2O delegado na Madeira da APAVT revelou ontem que a associação tem feito um trabalho junto das congéneres internacionais no sentido de passarem uma mensagem positiva da Madeira. Uma mensagem de regresso à normalidade, num trabalho que diz ter sido feito em articulação com a Associação de Promoção da Madeira.


Internamente, depois de um levantamento feito junto das agências de viagens diz que, na generalidade todas estão bem. A excepção vai para duas ou três, sendo que uma delas se depara com problemas mais complicados.

João Welsh sublinha que do ponto de vista dos residentes têm existido pedidos de alteração de viagens para datas posteriores.

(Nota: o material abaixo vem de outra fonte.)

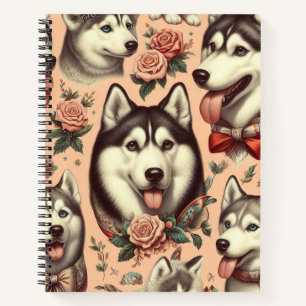 Niedliche Vintage sibirische Husky-Illustration Notizbuch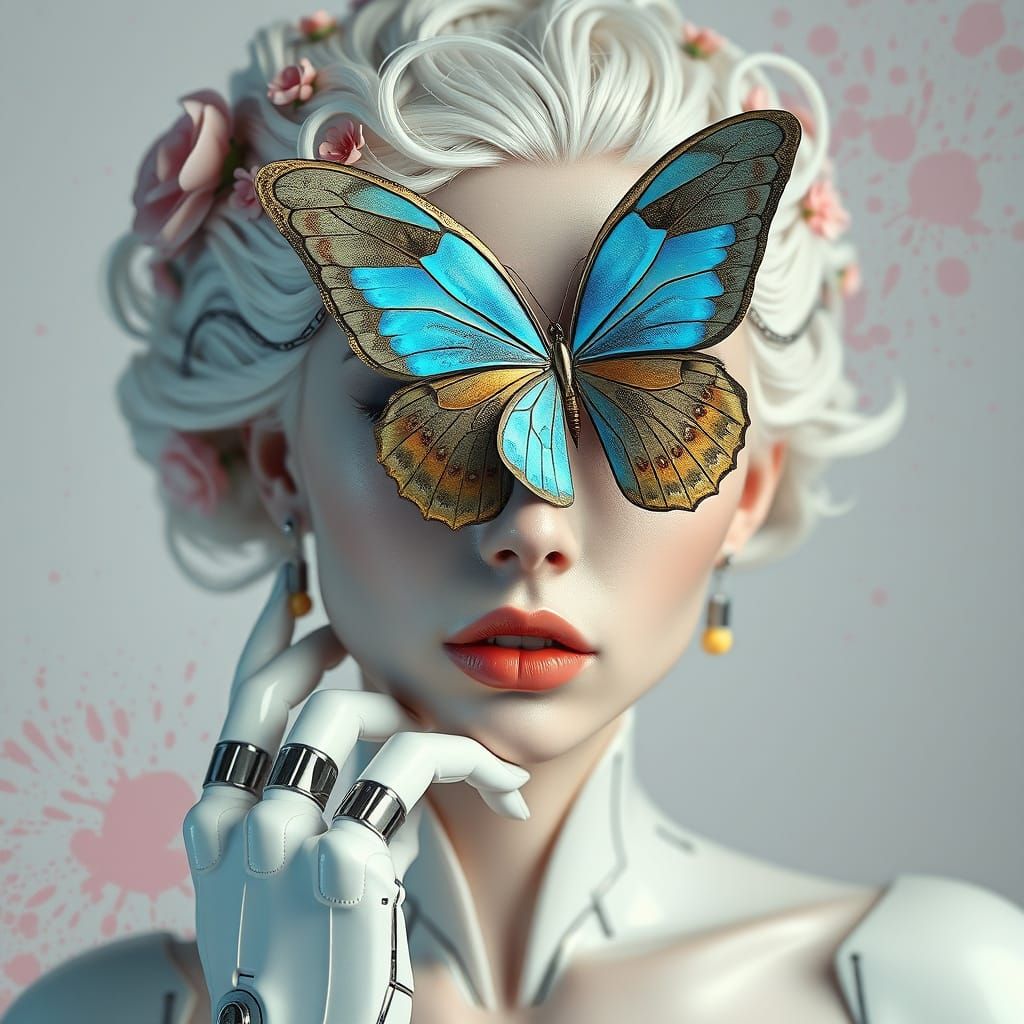 Cyborg Goddess in Baroque Splendor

No sentido inverso, adianta surgiram cancelamentos e, noutros casos, adiamentos.
Daí que diga que tem havido um trabalho contínuo por parte da Associação Portuguesa das Agências de Viagens e Turismo e igualmente através das próprias agências de viagens para sensibilizar os clientes de que tudo está normalizado e, no fundo, minimizar os cancelamentos de imediato.
Sem querer tapar o sol com a peneira e esconder evidência, desdramatiza. Recorda que existiram destinos que conheceram também adversidades e que conseguiram ultrapassá-los depressa.
Acredita que durante algumas semanas o mercado vai andar a ver o que realmente se passou e está a fazer para restabelecer a normalidade e que depois tudo volta à normalidade. Aliás, acredita que será este retomar da vivência que poderá constituir a grande chave a favor do destino, no sentido de demonstração de capacidade de resposta atempada e adequada.

Hotelaria

A nível da hotelaria, o administrador do Grupo Pestana, José Theotónio, refere que a primeira segunda-feira depois das adversidades, que constitui o dia de maior movimento no Aeroporto da Madeira, revelou uma redução em relação aos turistas que tinham viagem marcada na ordem dos 20 a 25%. Isto a nível médio da hotelaria madeirense. Foram passageiros que tomaram conhecimento dos acontecimentos e em cima da hora decidiram nem sequer embarcar.
Por outro lado, refere que existem clientes directos que têm contactado e questionado acerca do que se está a passar. Nada lhes é escondido. Mas, mais uma vez, desdramatizado.
O hoteleiro acentua que agora é tempo de continuar o trabalho de recuperação e depois de aposta numa comunicação forte.

Aeroporto e porto

Podemos ainda referir que a nível das principais “portas” de entrada na Madeira, tanto o aeroporto como o porto, estão operacionais
No Porto do Funchal ultimam-se os trabalhos para permitir o reabastecimento de água, muito importante para os navios que passam pelo Funchal.
O director dos Portos da Madeira, Bruno Freitas, revela que se aguarda que tudo esteja limpo nas avenidas do litoral da cidade do Funchal assim como na área do Mercado dos Lavradores, zonas que, a juntar às que já estão limpas ou continuam imaculadas, constituem palco privilegiado para passeios a pé dos passageiros.

De qualquer forma refere que é possível fazer já o trajecto para o centro da cidade via Parque de Santa Catarina.
A questão maior reside nas excursões de autocarros, sendo que, para já, alguns trajectos estão condicionados.
Até ao momento foram canceladas três escalas. Outras poderão acontecer, ou talvez não. Tudo dependerá da recuperação e de uma análise ponderada das condicionantes.